While it would be nice to put this in the http layer, it needs semantic understanding that this is something that should have its dns prefetched - which is why it is explicitly hung off anchor href's and imgs now. We could add a generic interface for http for things that are being fetched "very soon" like images, but you'd still need a different path for the anchors which we aren't as sure are going to be retrieved.

> I can see how we might need this for anchors, since we're not
>    actually starting a load there, but the image thing doesn't seem like it
>    would work as well as something that also covers scripts, stylesheets, etc.
>    To be honest, I'm not really even sure why this helps; don't we just go and
>    start resolving from under here anyway once we open the HTTP channel?

This is one of the cool and counter intuitive things about this patch. It works because opening the HTTP channel might be a significant amount of time away from identifying the channel hostname. This is because there are limits on the number of channels which are easily bumped into and this code essentially allows the dns resolution of images to "queue jump" for only the DNS portion of the transaction. 

Normally queue jumping is evil behavior, but in this case it really works out well. The DNS transaction is, compared to the HTTP transactions, extremely low bandwidth and dominated by latency. Because it is low bandwdith (1 packet each way) it really does not meaningfully interfere with existing transfers, and its high latency property allows it to essentially overlap for free with the HTTP transfer.. when the image HTTP request does go to open its channel it sees a cache hit.

This manifests itself most strongly in mobile where latencies are very high and the http channel pool is more likely to backup for a long time due to bandwidth constraints.
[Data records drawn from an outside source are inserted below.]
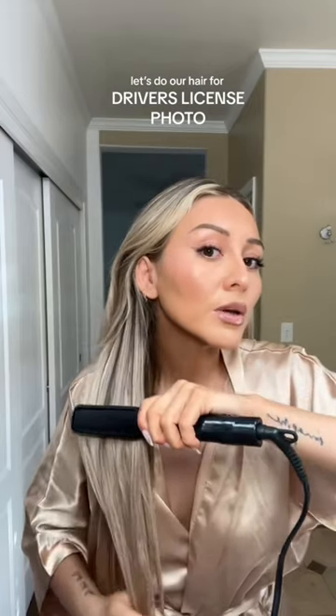Getting my hair ready for my new license photo. I blow-dried it, and now I'm going in with the flat iron. I'm not going in too much — just small sections — because I don't want it to be too flat.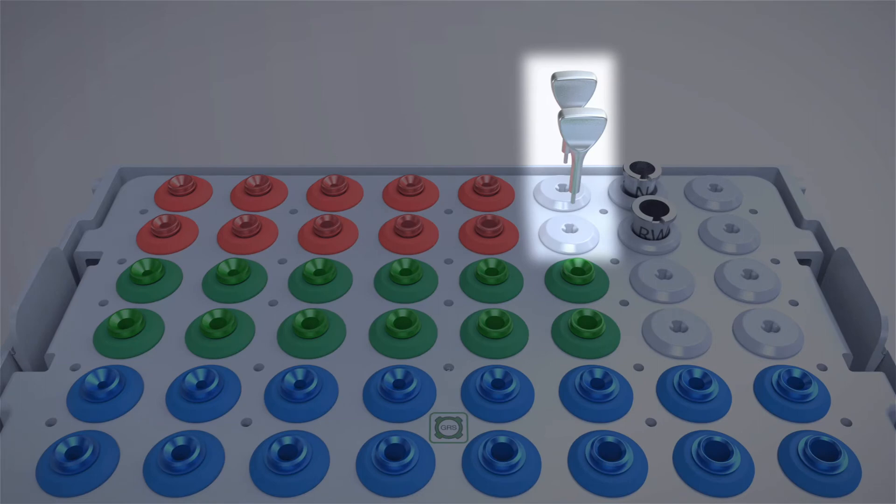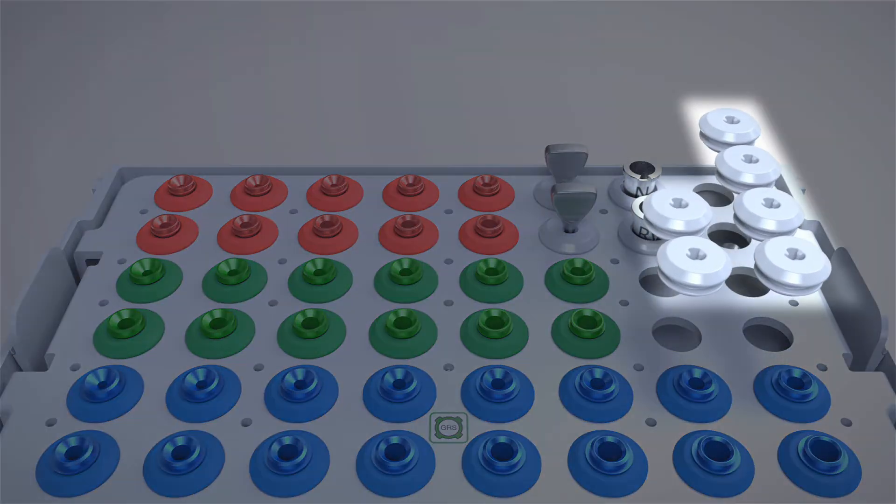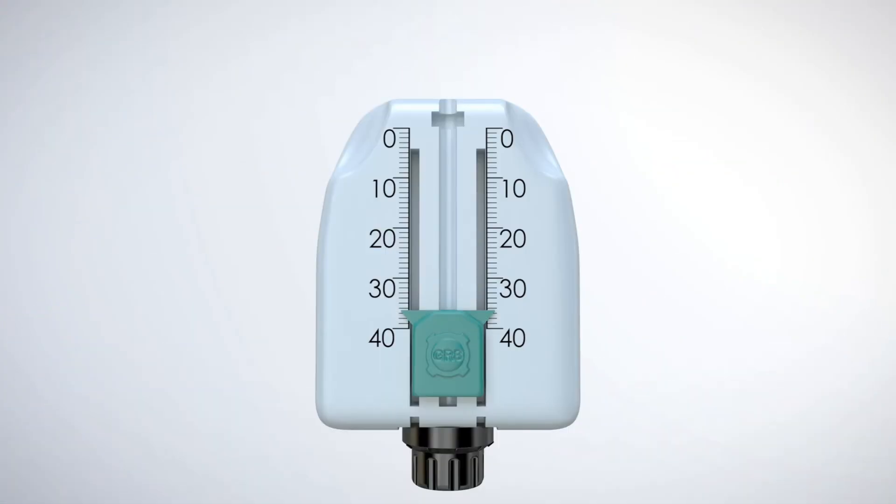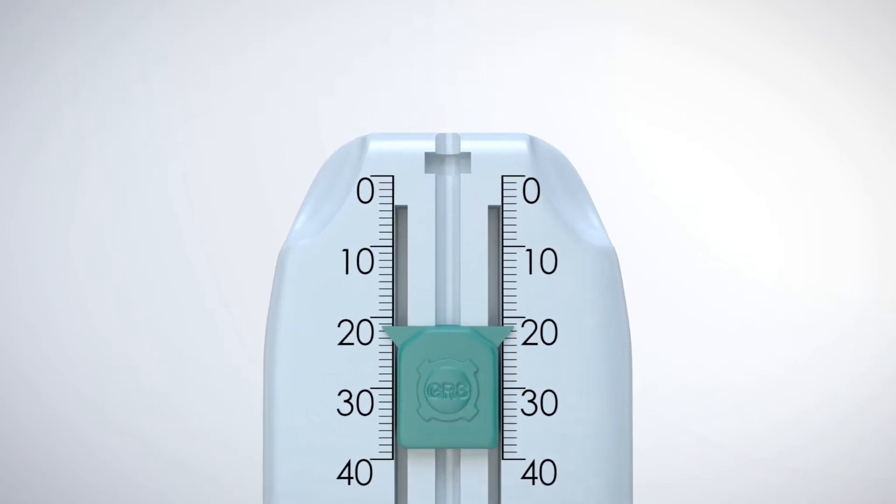Drill stop drivers firmly secure GRS adjustable drill stops to any diameter surgical drill. Spare grommets are conveniently provided for additional surgical instruments. The adjustable GRS drill stops are numbered to match a specific diameter surgical drill and GRS drill sleeve.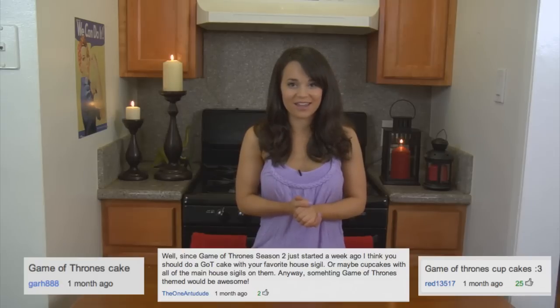Hello, it's Ro! Welcome to another Nerdy Nummies! Today I'm going to do something really, really special. I'm going to do a Game of Thrones cake in celebration of the 2nd season. I'm going to make the chest with the 3 dragon eggs that Daenerys Targaryen gets for her wedding — yay, dragons!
I did make some measurement of this phenomenon that I mention in comment 8. One of the tests needed to do 23 unique DNS lookups for images and with this change 16 of them were either already completed or already under way when the HTTP channel code asked for the name leading to a significant reduction in wait time.

> 
> 2) What's the performance impact from the nsHTMLAnchorElement change?  That's
>    typically very perf-sensitive code, and pages often have a _lot_ of links on
>    them...  I haven't read the guts of the prefetch code yet, so maybe this is
>    not a problem because we coalesce well?  If there is any impact at all, it
>    would make more sense to do the prefetches more lazily, though I guess they
>    only help if you click a link within the dns cache timeout span?
> 

As I noted, I did a bunch of measurements - and the faster the network the less of a beneift (to the point of their being no perceived benefit) - but I didn't note anything getting slower. 

But there are a million points of view on what to measure. I'm happy to look into any particular scenario you are suspicious about. 

The code is completely fire and forget wrt nsHTMLAnchorElement - it just puts an entry in the queue and moves on. It never even gets called back - the payoff is in the form of a cache hit later. So I do not suspect this will be a big deal for it.

> 3) As written, this is going to regress bug 223861 (just from a quick look at
>    the CVS blame here).  I'm not happy doing that without at least better data
>    akin to that in bug 162871 comment 84.
> 

223861 lowers the default cache time from 300 to 60. This patch raises it to 180.

The spectrum is a tradeoff of course. I inched the limit up because the likelyhood of a payoff also increased - the cache is now a richer object and to make use of it on inter-page clicks some "think time" needs to be accounted for.

It can return to 60 at the unknown cost of lower cache hit rates. I first thought a median page-time-spent metric would be interesting here but I think any median or average would really obscure the large number "click.. click.. click" sequences that typically lead up to a "lets read this in full" kind of page.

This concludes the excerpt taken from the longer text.